- **WHAT NEEDS TO BE DONE**
Only the lines below from the one containing "Building Photo - 1032 Radison Ave" through the one containing "غرفة قياسية رباعية، Domo Hotel 3/3" belong in the answer, repeated exactly and without pictures.
[[ DATA PROVIDED, beginning ]]
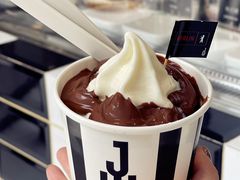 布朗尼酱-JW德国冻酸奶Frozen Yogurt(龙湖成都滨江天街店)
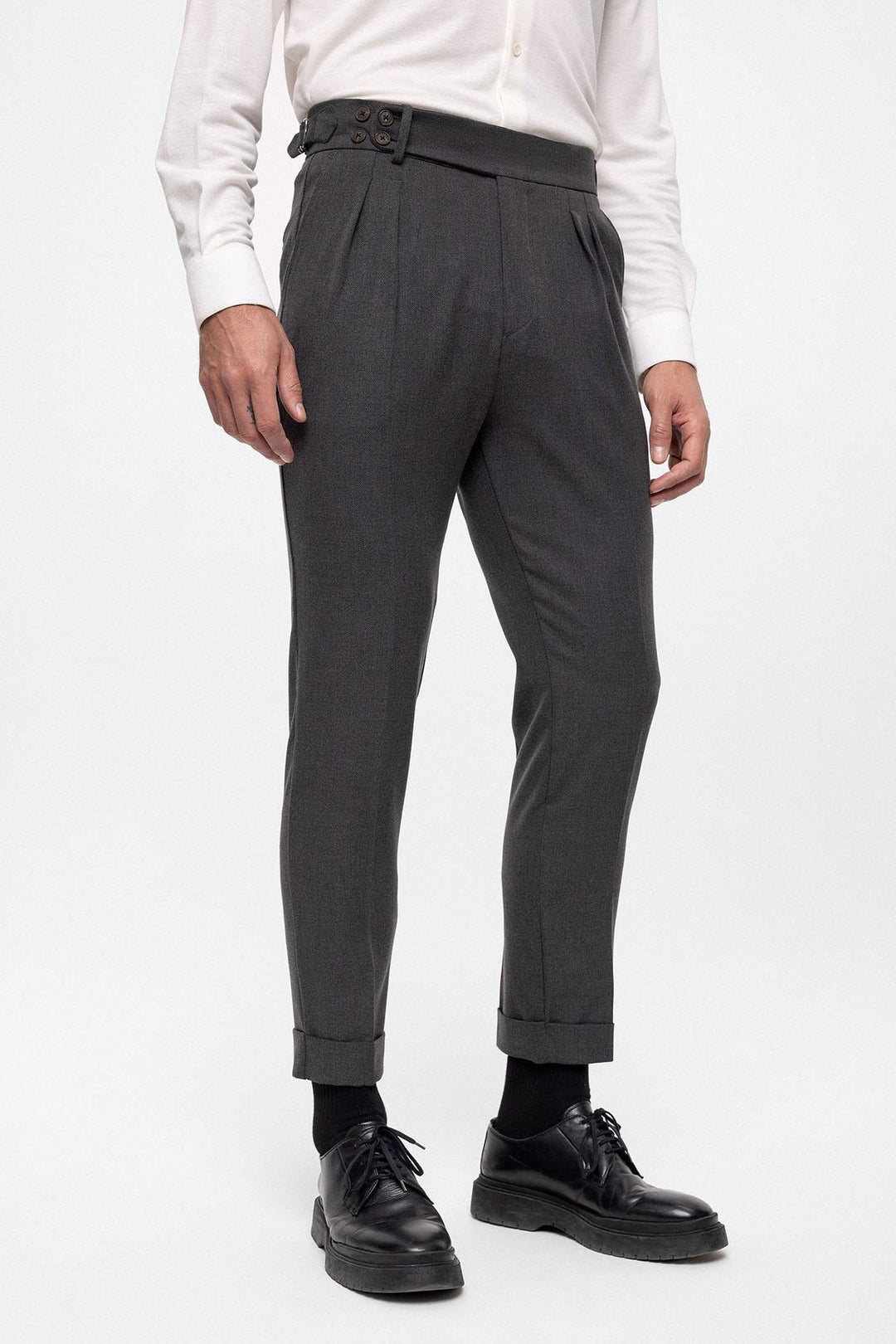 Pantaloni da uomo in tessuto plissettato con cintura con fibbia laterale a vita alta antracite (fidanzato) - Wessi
[[ DATA PROVIDED, end ]]
[[ DATA PROVIDED, beginning ]]
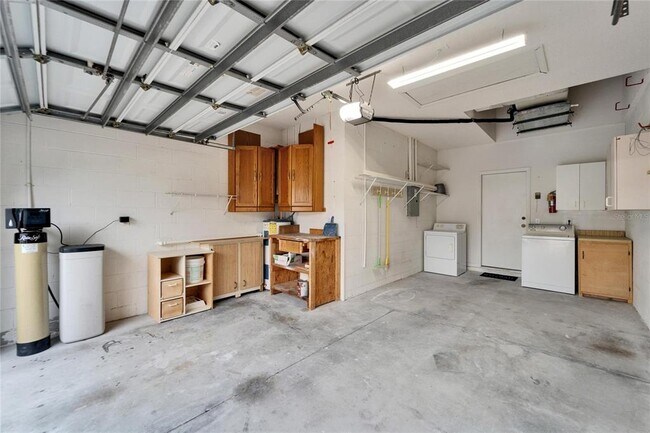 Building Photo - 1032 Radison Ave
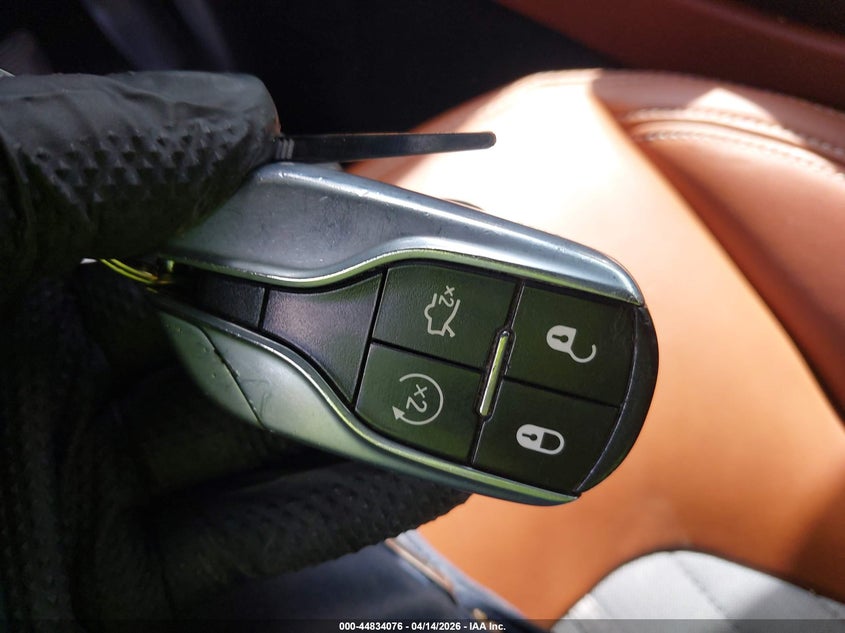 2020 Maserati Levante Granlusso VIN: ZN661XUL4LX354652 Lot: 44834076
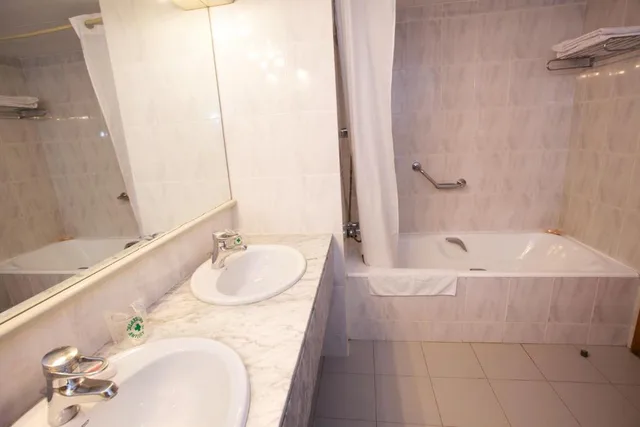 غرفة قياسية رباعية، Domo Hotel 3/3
[[ DATA PROVIDED, end ]]
- **RESULT BELOW**
 Building Photo - 1032 Radison Ave
 2020 Maserati Levante Granlusso VIN: ZN661XUL4LX354652 Lot: 44834076
 غرفة قياسية رباعية، Domo Hotel 3/3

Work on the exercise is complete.